■ **What needs to be done**
Write the listing below out again exactly, though only as far as the line with "Adjustable Meditation Bench", which is included.

■ **Data provided**
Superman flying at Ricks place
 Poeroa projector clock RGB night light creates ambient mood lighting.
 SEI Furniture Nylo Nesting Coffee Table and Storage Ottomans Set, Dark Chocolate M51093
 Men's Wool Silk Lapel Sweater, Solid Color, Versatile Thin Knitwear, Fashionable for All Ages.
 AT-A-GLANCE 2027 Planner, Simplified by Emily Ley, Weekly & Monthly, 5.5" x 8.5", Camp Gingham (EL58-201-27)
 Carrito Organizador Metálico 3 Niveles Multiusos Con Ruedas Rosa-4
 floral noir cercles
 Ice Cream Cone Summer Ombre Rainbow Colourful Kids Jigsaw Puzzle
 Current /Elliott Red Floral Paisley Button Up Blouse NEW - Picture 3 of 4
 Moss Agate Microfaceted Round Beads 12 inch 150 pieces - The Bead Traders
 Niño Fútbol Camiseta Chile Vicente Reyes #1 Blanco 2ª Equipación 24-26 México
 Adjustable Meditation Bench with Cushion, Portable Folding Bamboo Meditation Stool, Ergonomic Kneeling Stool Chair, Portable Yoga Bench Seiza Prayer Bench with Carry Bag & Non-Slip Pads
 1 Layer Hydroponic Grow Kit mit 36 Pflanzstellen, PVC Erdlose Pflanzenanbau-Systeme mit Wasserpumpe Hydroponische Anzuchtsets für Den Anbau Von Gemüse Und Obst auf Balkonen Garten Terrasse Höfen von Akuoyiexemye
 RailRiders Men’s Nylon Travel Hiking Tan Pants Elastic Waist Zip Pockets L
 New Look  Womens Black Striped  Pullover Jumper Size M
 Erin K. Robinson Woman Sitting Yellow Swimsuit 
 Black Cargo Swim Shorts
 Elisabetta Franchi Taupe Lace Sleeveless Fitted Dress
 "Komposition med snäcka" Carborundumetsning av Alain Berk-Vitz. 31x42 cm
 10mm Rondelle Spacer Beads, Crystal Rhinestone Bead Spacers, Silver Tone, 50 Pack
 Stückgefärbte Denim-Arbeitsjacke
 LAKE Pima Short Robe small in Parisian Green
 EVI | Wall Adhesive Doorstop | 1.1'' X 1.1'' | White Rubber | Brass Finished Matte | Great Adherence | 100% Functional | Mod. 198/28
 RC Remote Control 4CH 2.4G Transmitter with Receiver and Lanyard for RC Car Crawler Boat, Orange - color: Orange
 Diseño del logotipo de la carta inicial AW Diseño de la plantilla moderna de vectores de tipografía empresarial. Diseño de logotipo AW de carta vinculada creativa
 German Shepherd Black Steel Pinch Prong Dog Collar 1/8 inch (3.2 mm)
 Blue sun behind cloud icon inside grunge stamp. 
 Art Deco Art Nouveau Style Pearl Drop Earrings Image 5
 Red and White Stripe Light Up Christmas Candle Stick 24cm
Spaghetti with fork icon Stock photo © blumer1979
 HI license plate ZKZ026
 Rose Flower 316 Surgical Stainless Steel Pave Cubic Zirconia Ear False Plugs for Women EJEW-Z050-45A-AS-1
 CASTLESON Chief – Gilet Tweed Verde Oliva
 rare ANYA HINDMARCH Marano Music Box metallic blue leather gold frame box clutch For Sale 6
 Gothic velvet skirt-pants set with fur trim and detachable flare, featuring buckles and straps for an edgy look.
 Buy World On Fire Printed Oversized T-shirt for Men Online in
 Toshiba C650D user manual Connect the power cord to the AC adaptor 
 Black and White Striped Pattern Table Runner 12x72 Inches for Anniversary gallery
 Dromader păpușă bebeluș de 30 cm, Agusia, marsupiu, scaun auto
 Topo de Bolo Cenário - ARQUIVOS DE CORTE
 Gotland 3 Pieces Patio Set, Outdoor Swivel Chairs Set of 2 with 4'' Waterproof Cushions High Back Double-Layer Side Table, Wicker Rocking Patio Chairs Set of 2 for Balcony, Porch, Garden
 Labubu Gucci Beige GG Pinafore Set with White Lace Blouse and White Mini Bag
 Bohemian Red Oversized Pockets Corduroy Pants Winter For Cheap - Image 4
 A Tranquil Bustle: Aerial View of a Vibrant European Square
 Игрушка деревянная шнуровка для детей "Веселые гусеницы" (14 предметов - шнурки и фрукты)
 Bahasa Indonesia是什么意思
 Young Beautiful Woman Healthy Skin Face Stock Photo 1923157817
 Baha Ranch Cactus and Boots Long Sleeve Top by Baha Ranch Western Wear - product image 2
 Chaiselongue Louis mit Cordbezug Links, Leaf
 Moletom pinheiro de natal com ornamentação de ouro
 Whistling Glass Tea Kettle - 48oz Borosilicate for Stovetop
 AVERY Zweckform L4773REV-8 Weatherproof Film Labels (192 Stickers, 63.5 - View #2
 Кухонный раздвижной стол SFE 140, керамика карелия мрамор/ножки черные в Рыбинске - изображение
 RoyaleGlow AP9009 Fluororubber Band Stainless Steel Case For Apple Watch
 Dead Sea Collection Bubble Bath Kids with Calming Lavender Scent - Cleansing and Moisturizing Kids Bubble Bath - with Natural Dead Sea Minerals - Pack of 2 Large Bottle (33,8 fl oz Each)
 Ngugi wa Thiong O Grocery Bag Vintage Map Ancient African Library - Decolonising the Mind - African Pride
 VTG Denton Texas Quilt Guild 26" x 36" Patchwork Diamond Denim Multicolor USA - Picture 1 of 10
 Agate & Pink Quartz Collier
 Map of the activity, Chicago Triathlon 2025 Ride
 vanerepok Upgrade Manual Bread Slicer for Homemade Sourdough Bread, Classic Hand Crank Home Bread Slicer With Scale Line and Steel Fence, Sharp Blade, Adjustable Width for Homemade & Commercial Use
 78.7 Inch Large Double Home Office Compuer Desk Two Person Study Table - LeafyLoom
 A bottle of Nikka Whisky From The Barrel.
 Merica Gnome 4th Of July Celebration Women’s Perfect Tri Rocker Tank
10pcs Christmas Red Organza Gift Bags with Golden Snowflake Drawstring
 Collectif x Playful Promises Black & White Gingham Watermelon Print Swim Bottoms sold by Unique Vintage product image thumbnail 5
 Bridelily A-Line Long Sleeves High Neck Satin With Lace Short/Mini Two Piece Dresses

■ **Result of this exercise**
Superman flying at Ricks place
 Poeroa projector clock RGB night light creates ambient mood lighting.
 SEI Furniture Nylo Nesting Coffee Table and Storage Ottomans Set, Dark Chocolate M51093
 Men's Wool Silk Lapel Sweater, Solid Color, Versatile Thin Knitwear, Fashionable for All Ages.
 AT-A-GLANCE 2027 Planner, Simplified by Emily Ley, Weekly & Monthly, 5.5" x 8.5", Camp Gingham (EL58-201-27)
 Carrito Organizador Metálico 3 Niveles Multiusos Con Ruedas Rosa-4
 floral noir cercles
 Ice Cream Cone Summer Ombre Rainbow Colourful Kids Jigsaw Puzzle
 Current /Elliott Red Floral Paisley Button Up Blouse NEW - Picture 3 of 4
 Moss Agate Microfaceted Round Beads 12 inch 150 pieces - The Bead Traders
 Niño Fútbol Camiseta Chile Vicente Reyes #1 Blanco 2ª Equipación 24-26 México
 Adjustable Meditation Bench with Cushion, Portable Folding Bamboo Meditation Stool, Ergonomic Kneeling Stool Chair, Portable Yoga Bench Seiza Prayer Bench with Carry Bag & Non-Slip Pads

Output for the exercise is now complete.